TASK DIRECTIONS => Beginning with the line that holds "DR MARIO Nintendo" and ending with the last line of the entries, please output each line exactly, apart from any pictures.

──────

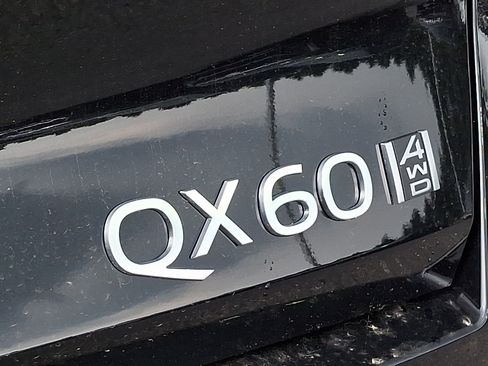 New 2027 INFINITI QX60 Luxe w/ Cargo Package AWD/4WD image 21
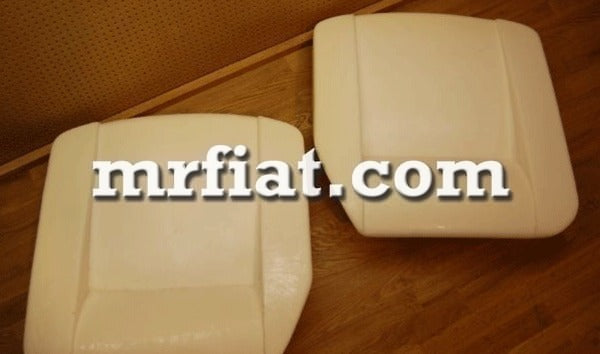 Jaguar XKE 4.2 OTS Seat Base Foams Set 1964-71 OEM Interior Jaguar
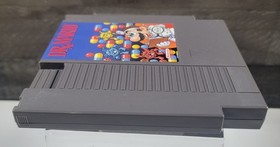 DR MARIO Nintendo Entertainment System NES 1990 Tested Authentic Game Cartridge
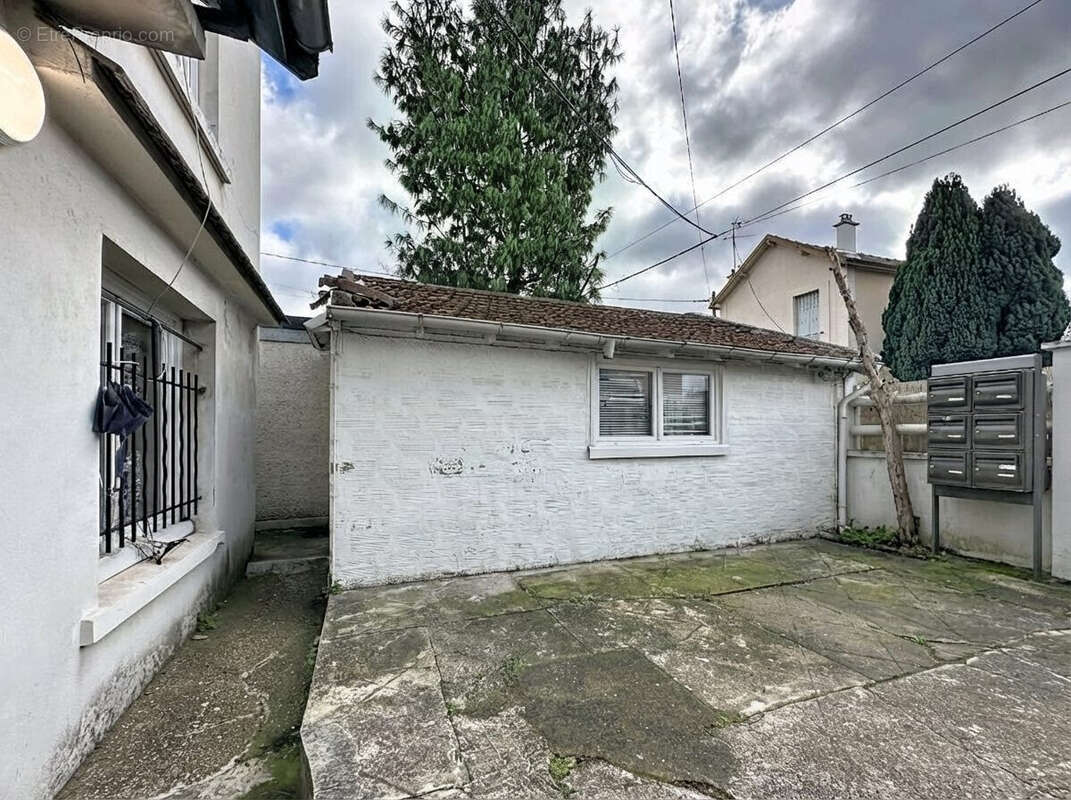 Maison à SAINT-DENIS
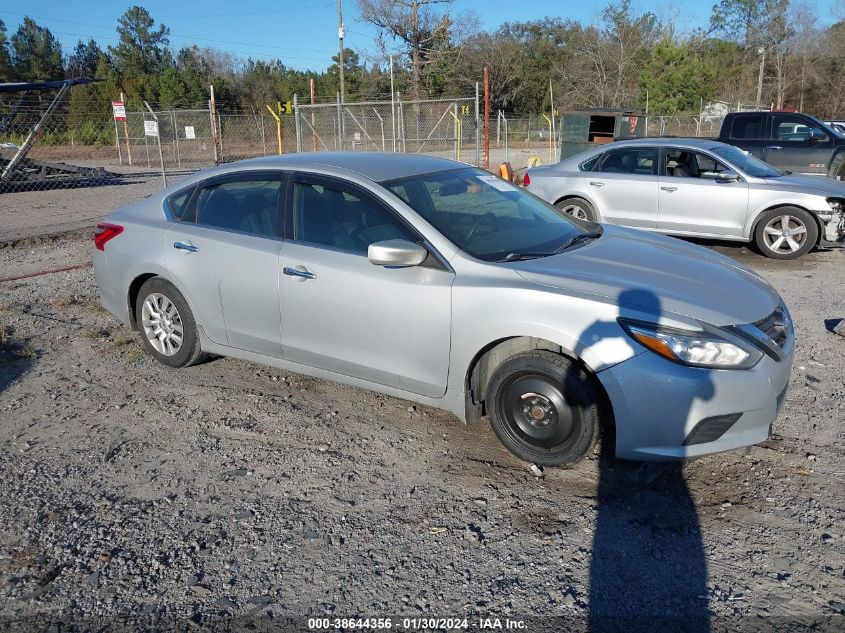 2016 NISSAN ALTIMA 2.5 S - 1N4AL3AP9GN390026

──────

ANSWER TO THIS TASK =>
 DR MARIO Nintendo Entertainment System NES 1990 Tested Authentic Game Cartridge
 Maison à SAINT-DENIS
 2016 NISSAN ALTIMA 2.5 S - 1N4AL3AP9GN390026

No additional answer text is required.